Bruce and I turned. Burley was crimson, his gait stiff. I looked over at Bruce. He didn’t want Burley as an enemy. He slowed to rejoin him through what had to be five miserable miles.
I, for some reason, just kept sailing away. That this was sweet revenge entered my mind, but I did not run on cackling for long. The rage in Burley’s “Get back here now!” haunted me. Then there was only silence. Bruce looked at Burleson’s face and wondered what other college I could transfer to.
The last mile was up East Fifteenth. Bowerman stood with water by his car. He noted my time and looked up the road. The others were blocks back. I sucked down liquid, trying to form some words. A sudden image—of having to dance around behind Bill to escape Burley—struck me as comic.
“What’s so funny?”
“God, I hope it’s funny.” I gasped. “We have a situation . . .”
“Bill!” came Burley’s cry. “Please tell that . . . that . . . sophomore we do not race in workouts!”
Bowerman emitted not a flicker. After a pause he handed Burley a Coke, turned, and said, “Mr. Moore, Mr. Burleson is correct. We do not race in workouts. We never race in workouts. Never have. Never will. Do we not agree we never race in workouts?”
“I sure agree,” I said. Bruce and Dan agreed too.
Bowerman looked at the stricken Burley, beginning to cramp. “Good,” he said. “I’m glad we got that settled.”
When Bowerman told that story twenty years later, he allowed himself to show
some of the pleasure he had concealed at the time. “That was the senior finally getting a lesson from the underclassmen,” he said. “Sometimes the best teacher is Darwin.”
Burleson was undeterred by hitting what marathoners call the wall. He ran frequent twenty-two-milers throughout that pre-Olympic winter.
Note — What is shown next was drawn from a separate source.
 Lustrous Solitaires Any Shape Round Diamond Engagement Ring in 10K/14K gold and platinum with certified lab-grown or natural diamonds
His stamina grew, but it would be spring before he could test his kick.
One of the toughest of life’s transitions is that between Olympian and former Olympian. Bill Dellinger, now twenty-nine, refused to accept it. After not making the 5000 final in Rome, he had come home to coach and teach at Springfield’s Thurston High School. Bowerman felt Dellinger didn’t need races; he needed to start from square one and build his fitness all over again.
Most of this training Dellinger could do himself, alone or with his high school runners. But every two weeks or so, Bowerman had him run a time trial, three miles at first, then four, five, and six. The pace was whatever he could handle at three-quarters effort. Having just seen that I’d grown stronger, Bowerman asked me to assist. I can still taste the volcanic grit from the old practice track as Dellinger and I alternated the lead every 880, slopping through the twenty-four laps of a Saturday morning six-miler in the rain.
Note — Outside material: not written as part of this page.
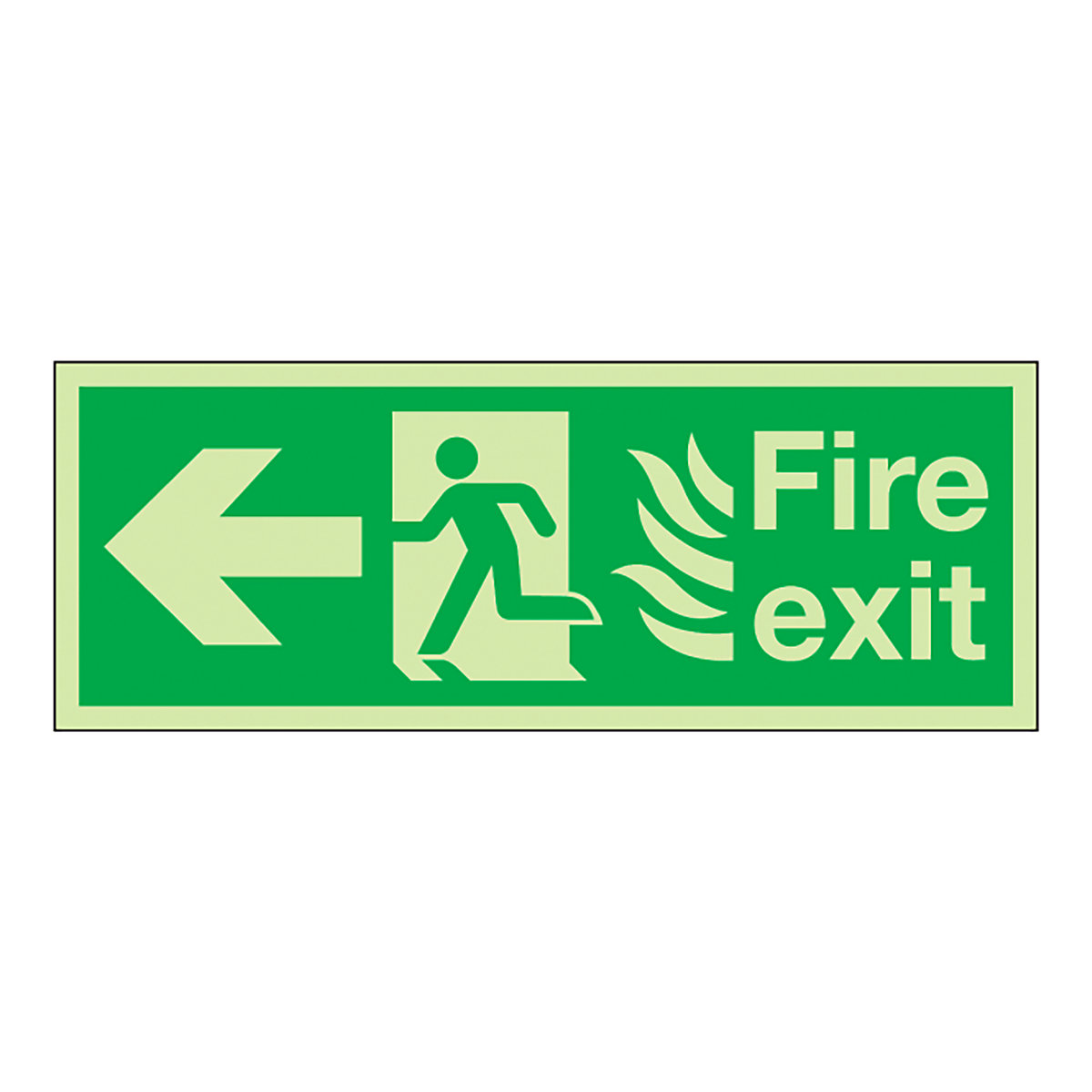Fire Exit Flames Man Arrow Left Safety Sign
We began these with 80-second laps (5:20-mile pace). Every two miles Bowerman would ask us to take them down, first to 77s, then 75s (5:00-mile pace). Each time we ran by him, he’d call our target and then our actual: “Okay, you should be 10:40 here and you’re 10:38!”
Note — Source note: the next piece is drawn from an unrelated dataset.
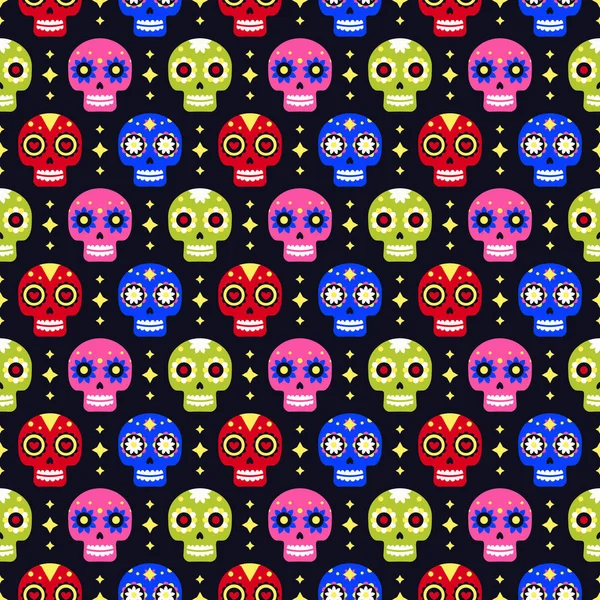 暗い背景にカラフルな頭蓋骨と死んだシームレスなパターンの日。ディア・デ・ロス・ムエルトスのホリデーパーティーのための伝統的なメキシコのハロウィーンデザイン。メキシコからの装飾品. — ストックベクタ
Dellinger, three inches shorter, utterly balanced, splashed through puddles unslowed. Never did he give the faintest instinctive surge when I passed. He was there to do work that would make him faster and that was it. Bowerman seldom spoke, but we could feel his eyes upon us. “Keep it tidy” meant I should stop overstriding.
We would not kick it in at the end, but rather just be glad we had held the pace. As we drew on our faded old sweats and hoods, we had to manage conflicting reactions. Dellinger would mask how hard running these pedestrian 75s felt to him, when his goal for the 5000 was 66s. I’d try to mask the fact that I’d just set a lifetime best for six miles. But he knew.